A estratégia de financiamento para 2013 vai continuar a combinar fundos da troika com o recurso aos mercados. «Como tal, e só se as condições de mercado foram favoráveis, é intenção do IGCP consolidar mais a normalização do funcionamento do mercado secundário reintroduzindo a emissão regular de obrigações portuguesas, providenciando liquidez ao longo da curva de yield», explica.

Do calendário de emissões constam leilões de dívida com maturidades de 3, 6, 9, 12 e 18 meses, sendo que esta última está prevista apenas para 18 de setembro e 4 de dezembro.
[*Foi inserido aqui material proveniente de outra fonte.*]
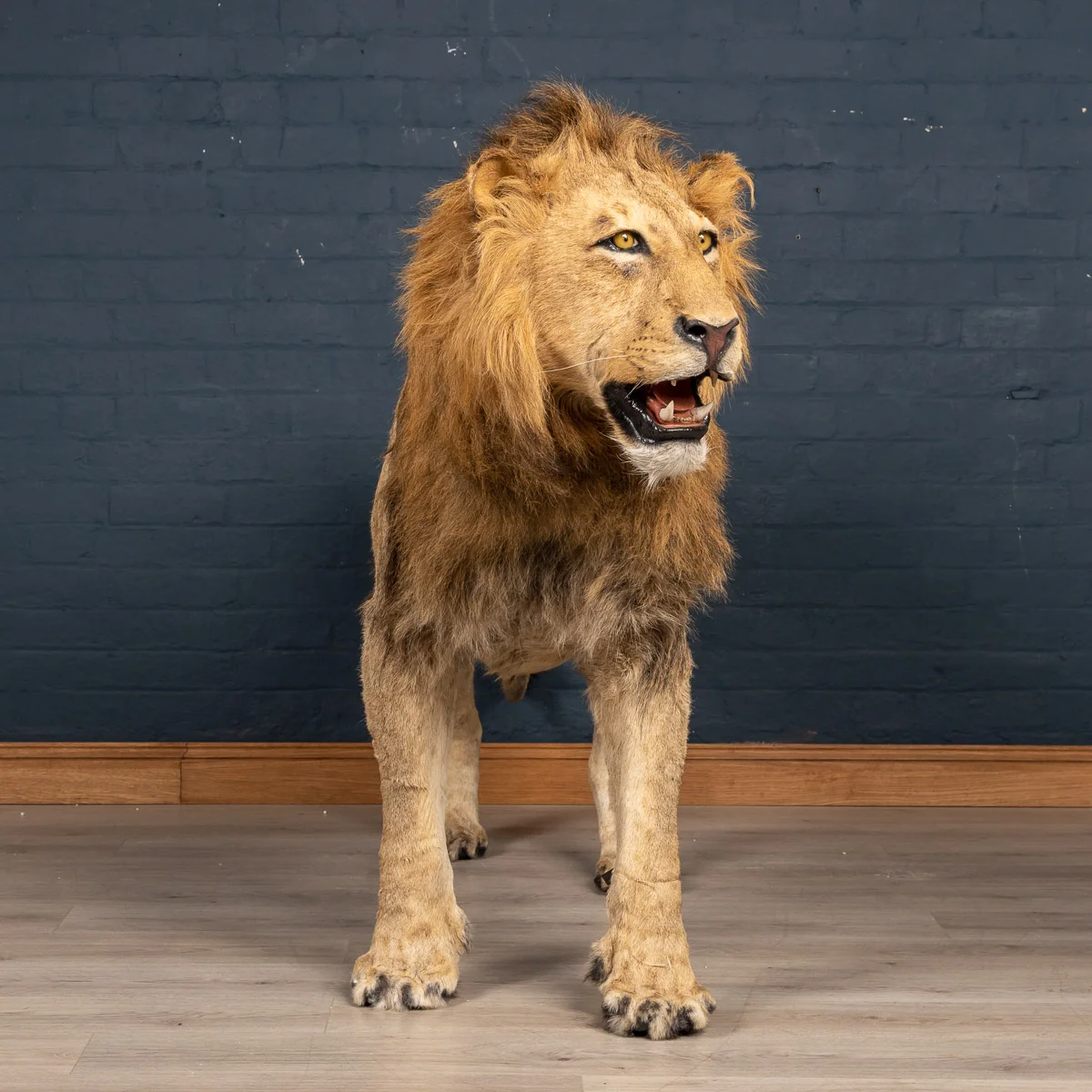 2019-07_alessio_taxidermy-83.jpg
«Em 2013, o financiamento líquido resultante da emissão de BT deve ser positiva em 2,2 mil milhões. A estratégia de emitir ao longo de toda a curva será mantida, combinando um Bilhete de curto prazo ¿ 3 ou 6 meses ¿ com um prazo mais longo ¿ 9,12 ou 18 meses».

O IGCP refere ainda que «serão exploradas mais oportunidades para realizar operações de troca de obrigações, tal como aconteceu recentemente com as obrigações que venciam em setembro deste ano, e que foram trocadas por outras com maturidade em outubro de 2015 .

Na estratégia de financiamento para 2013, o IGCP diz que «espera um contributo positivo da oferta crescente de produtos de retalho».